In deze zaak heeft de Rechtbank Amsterdam op 14 februari 2020 uitspraak gedaan in een civiele procedure tussen ING Bank N.V. en twee gedaagden, die betrokken waren bij een plofkraak op geldautomaten. De gedaagden hebben op 19 februari 2015 in 's-Hertogenbosch een plofkraak gepleegd, waarbij twee geldautomaten met explosief materiaal zijn verwoest. De rechtbank heeft vastgesteld dat de gedaagden hoofdelijk aansprakelijk zijn voor de schade die ING heeft geleden als gevolg van deze plofkraak. ING had de gedaagden eerder schriftelijk aansprakelijk gesteld voor de schade en vorderde een schadevergoeding van € 25.000, te vermeerderen met rente en kosten.
De rechtbank heeft de eisvermeerdering van ING toegestaan, ondanks verweer van gedaagde 2, die stelde dat de eisvermeerdering in strijd was met de goede procesorde. De kantonrechter oordeelde dat de eisvermeerdering niet onterecht was en dat ING voldoende had onderbouwd dat de gevorderde kosten voor haar rekening waren gekomen. De rechtbank heeft de vordering van ING in zijn geheel toegewezen, inclusief de wettelijke rente, en de gedaagden hoofdelijk veroordeeld in de proceskosten.

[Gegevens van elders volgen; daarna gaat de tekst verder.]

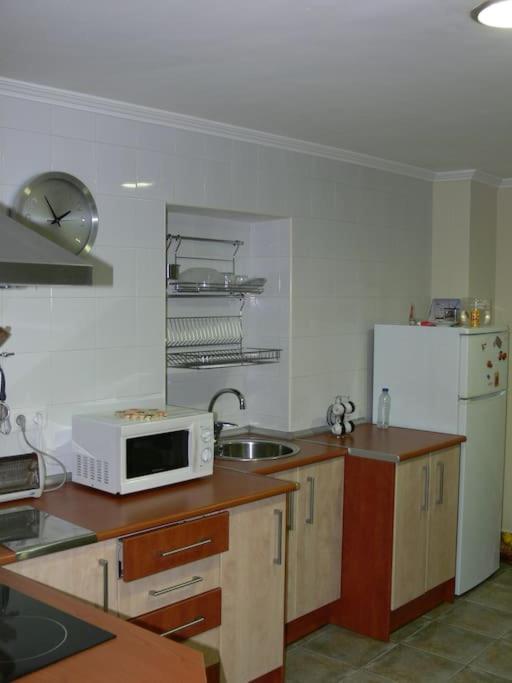 Loft En Planta Baja En Ciudad Rodrigo Apartment Luaran gambar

De totale schadevergoeding die aan ING werd toegewezen, bedroeg € 25.000, met een veroordeling tot betaling van de proceskosten van € 1.553,11.
De uitspraak benadrukt de aansprakelijkheid van gedaagden voor de schade die zij hebben veroorzaakt door onrechtmatig handelen, en bevestigt dat de schadevergoeding ook kan worden toegewezen aan een partij die niet de eigenaar is van de beschadigde goederen, mits deze partij de schade daadwerkelijk heeft geleden.